When I built this website, I had a great title for the blog, but I forgot what it was, which is why it’s just called “blog”. Several years ago, I heard on TV that the brain could only hold seven thoughts. As soon as you have the eighth thing you must remember, the brain drops off the oldest thought, again leaving you with just seven things running around inside your head.
I immediately discounted that whole theory, because being young and full of myself; I knew my brain could retain a complete storehouse of miscellaneous facts. I still think the theory is wrong, but only because I’m pretty sure my brain can only hold about two things before it goes on hiatus.
My memory or lack thereof, is so selective. I used to have people calling me at work from all over the country asking about a work-related problem from years before. They knew I’d know the answer. So, why can’t I remember my telephone number? I say it’s because I don’t ever call myself, but that’s just a handy, overused excuse.

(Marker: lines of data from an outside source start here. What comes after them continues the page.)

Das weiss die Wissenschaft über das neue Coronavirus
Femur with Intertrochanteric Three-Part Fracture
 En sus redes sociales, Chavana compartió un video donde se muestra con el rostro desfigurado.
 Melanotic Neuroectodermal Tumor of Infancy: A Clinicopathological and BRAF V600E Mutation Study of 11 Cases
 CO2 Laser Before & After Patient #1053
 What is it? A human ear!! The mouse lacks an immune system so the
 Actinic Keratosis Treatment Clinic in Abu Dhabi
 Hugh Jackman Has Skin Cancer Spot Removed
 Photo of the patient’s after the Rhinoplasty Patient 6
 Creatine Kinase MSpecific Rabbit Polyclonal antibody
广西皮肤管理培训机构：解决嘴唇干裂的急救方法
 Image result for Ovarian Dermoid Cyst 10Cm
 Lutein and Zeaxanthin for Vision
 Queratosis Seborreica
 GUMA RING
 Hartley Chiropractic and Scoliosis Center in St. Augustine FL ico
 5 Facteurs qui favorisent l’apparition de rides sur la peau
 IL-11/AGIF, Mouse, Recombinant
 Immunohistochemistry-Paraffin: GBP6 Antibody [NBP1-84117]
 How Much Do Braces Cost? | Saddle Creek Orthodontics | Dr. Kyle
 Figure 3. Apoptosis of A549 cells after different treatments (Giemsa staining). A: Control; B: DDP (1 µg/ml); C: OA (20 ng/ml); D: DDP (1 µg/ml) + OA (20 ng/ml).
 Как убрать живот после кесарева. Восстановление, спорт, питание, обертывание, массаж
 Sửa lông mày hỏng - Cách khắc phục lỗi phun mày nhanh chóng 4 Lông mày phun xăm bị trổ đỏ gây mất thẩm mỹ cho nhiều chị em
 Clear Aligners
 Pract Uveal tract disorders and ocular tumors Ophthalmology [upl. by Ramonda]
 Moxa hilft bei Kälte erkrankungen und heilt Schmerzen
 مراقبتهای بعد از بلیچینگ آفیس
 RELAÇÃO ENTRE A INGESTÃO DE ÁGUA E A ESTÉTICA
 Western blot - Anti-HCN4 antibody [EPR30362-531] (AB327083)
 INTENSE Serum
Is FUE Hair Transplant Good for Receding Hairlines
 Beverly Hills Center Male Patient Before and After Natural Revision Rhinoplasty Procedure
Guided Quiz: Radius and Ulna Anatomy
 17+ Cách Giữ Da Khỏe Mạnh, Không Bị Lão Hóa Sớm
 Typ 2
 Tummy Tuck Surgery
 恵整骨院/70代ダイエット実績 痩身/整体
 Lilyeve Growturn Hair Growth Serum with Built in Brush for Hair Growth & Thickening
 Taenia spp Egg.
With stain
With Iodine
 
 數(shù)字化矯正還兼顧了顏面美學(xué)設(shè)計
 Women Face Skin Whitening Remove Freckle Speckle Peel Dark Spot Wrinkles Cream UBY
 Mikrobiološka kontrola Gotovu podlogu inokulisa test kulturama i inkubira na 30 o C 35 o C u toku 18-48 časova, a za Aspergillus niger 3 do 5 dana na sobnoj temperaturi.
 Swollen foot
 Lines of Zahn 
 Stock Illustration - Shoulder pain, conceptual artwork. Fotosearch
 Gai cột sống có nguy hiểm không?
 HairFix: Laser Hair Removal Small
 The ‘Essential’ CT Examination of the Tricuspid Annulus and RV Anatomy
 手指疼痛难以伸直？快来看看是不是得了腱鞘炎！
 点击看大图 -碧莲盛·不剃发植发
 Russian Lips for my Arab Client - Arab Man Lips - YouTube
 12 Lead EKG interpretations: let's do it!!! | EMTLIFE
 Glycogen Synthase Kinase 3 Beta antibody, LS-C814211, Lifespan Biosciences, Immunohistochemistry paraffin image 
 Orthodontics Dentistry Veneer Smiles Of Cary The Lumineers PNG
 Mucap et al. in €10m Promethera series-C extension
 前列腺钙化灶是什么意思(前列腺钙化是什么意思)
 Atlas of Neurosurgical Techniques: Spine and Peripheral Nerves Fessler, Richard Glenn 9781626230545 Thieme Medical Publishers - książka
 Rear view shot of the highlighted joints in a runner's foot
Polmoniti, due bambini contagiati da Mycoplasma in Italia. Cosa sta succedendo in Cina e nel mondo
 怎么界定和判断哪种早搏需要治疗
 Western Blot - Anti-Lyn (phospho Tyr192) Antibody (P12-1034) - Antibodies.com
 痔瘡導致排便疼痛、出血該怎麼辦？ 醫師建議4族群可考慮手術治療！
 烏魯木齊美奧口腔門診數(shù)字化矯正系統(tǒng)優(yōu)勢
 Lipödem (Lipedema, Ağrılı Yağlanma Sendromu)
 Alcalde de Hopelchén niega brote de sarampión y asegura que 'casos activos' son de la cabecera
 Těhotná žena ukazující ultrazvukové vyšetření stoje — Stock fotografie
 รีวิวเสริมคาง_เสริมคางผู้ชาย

I’m at a loss to explain the whole thing. Is memory retention in direct proportion to the importance we attach to an issue? Is that why I could remember the smallest detail at work but couldn’t remember to ask the vet a simple cat-related question? If it is, please don’t tell my cats. I really wouldn’t want them to know how little they apparently matter to me.
It’s not just me. One of the guys at work had the same problem I did. He was always losing his keys. If I was the only one working late, I’d use my master key and open up offices, so he could find where he left them. He finally got him one of those clapper key chains. That worked well for a while. You guessed it. I was back there with my key opening offices because the batteries were dead on his keychain and he forgot to buy new ones.
Perhaps we’re just getting inundated with too many things to remember. In this fast-paced society we live in, we are swamped with things to do, facts to remember and places to go. Perhaps we’ve reached our personal saturation level. I don’t think they used to have the same problem in the 19th century. I don’t remember hearing about Lincoln pausing in the middle of the Gettysburg address trying to remember what he wanted to say. Juliet, however, did ask, “Romeo, Romeo, wherefore art thou Romeo?” At least I can remember where I’ve left Ed. I’m not that bad yet!
The biggest downfall to this affliction I’ve found myself with is forgetting where I put things. I tend to hide stuff, just in case someone breaks into the house. I have quite a few great hiding places. I shouldn’t tell you this, but I have four nice rings hidden away right now. If you break in and take them, leave me a note telling me where you found them. I haven’t seen them for about six months.
I’m not sure that having a bad memory is all that much of a problem, except it runs up a phone bill because you must call and ask questions while they’re fresh in your mind. There are worse things that could be happening to me. I thought of a few of them earlier while I was writing this, but they escape me now.
The really sad thing about this memory thing is how as we get older it gets worse. God’s little trick on us. I would think He would want our mind getting sharper as we get older. That way we could pass on our wisdom to the younger generation. Assuming we have any wisdom, that is. But instead He decided that as we get older we forget a lot. Maybe He made us that way so we wouldn’t remember that the body isn’t quite as good as it used to be. The one thing He makes sure we remember though is that He loves us. That’s a good thing. Cause if I find myself forgetting that, then for sure I’m ready for Heaven. Assuming I can remember how to get there.